5. Security review (blocking on merge for any tool touching PHI, PII, FTI, or authenticated endpoints) ​

  • [ ] Data classification sign-off: output class declared correctly.
  • [ ] Auth context allowlist reviewed.
  • [ ] Adapter-sink compatibility confirmed (the deterministic endpoint's destination vendor accepts the declared class).
  • [ ] Audit-log payload reviewed — does it capture what an auditor would need without over-retaining PII?
  • [ ] Cache semantics reviewed — member-specific outputs must not be cached across members.

6. Ship as beta ​

  • [ ] Feature flag on: FLORENCE_TOOL_<NAME>=beta.
  • [ ] Announced to the LLM in the tool-definitions block only when flag is beta or stable.
  • [ ] Staging deploy verified end-to-end (see evals & observability).
  • [ ] Monitor dashboard includes this tool's latency, cost, error rate, auth-denial count, cache-hit rate.

7. Graduate to stable ​

Flip to stable once beta has sustained all of:

  • [ ] Zero unexplained auth denials.
  • [ ] p95 latency within budget (set per tool; default ≤ 800 ms for API-wrapper tools).
  • [ ] Eval pass rate ≥ 98 %.
  • [ ] Cost per invocation within 20 % of estimate.
  • [ ] Cache-hit rate within target (if cacheable).

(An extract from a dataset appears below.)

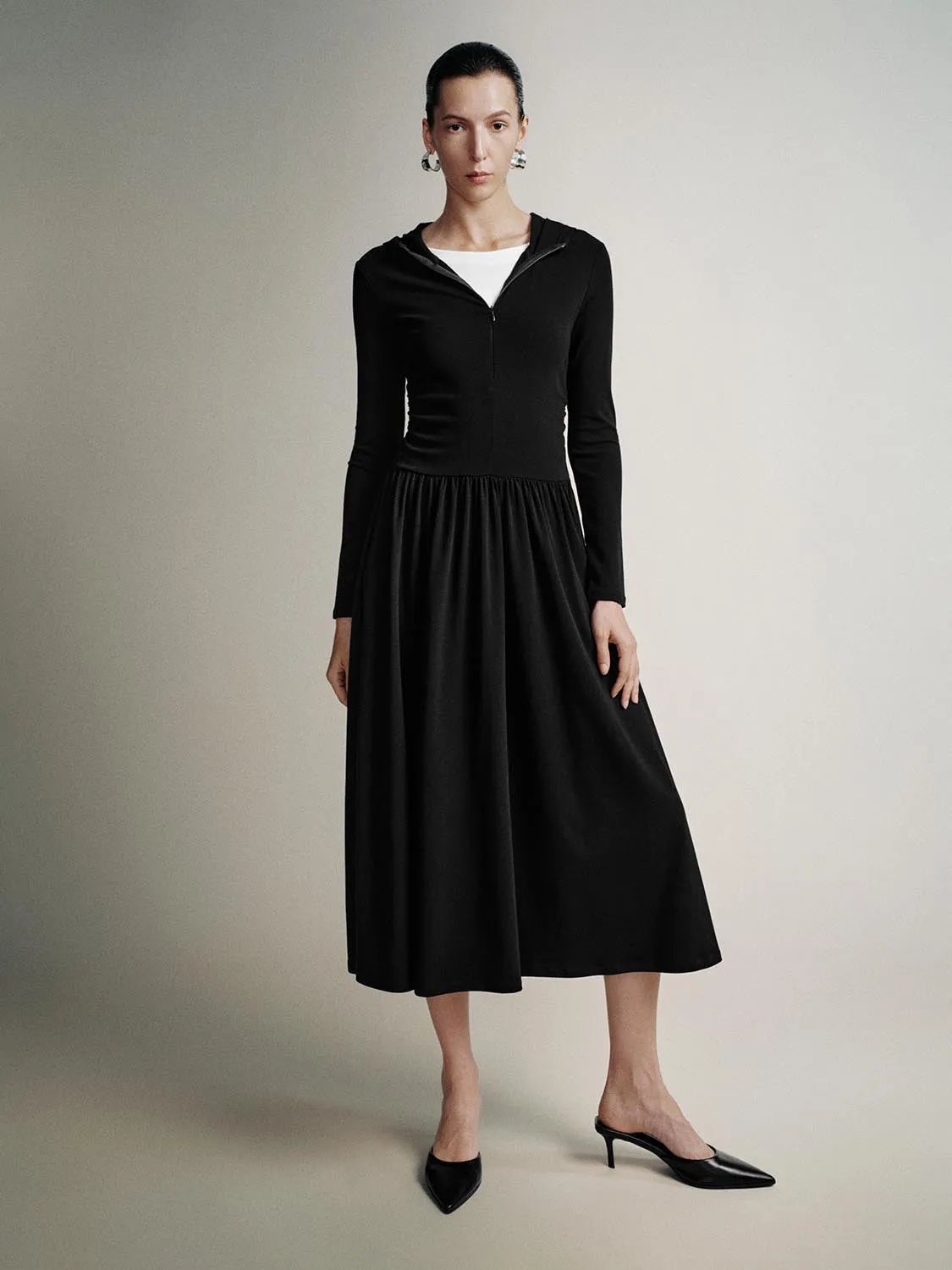 Long Sleeve A-Line Maxi Dresses sold by Urban Revivo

Update tool registry status.

Versioning a tool ​

Tools evolve. Two rules:

Minor (additive, non-breaking). New optional input field. New output field. Relaxed validation. No version bump. Deploy straight to stable once evals pass.

Major (breaking). Input renamed, removed, retyped. Output shape changed. Behavior changed.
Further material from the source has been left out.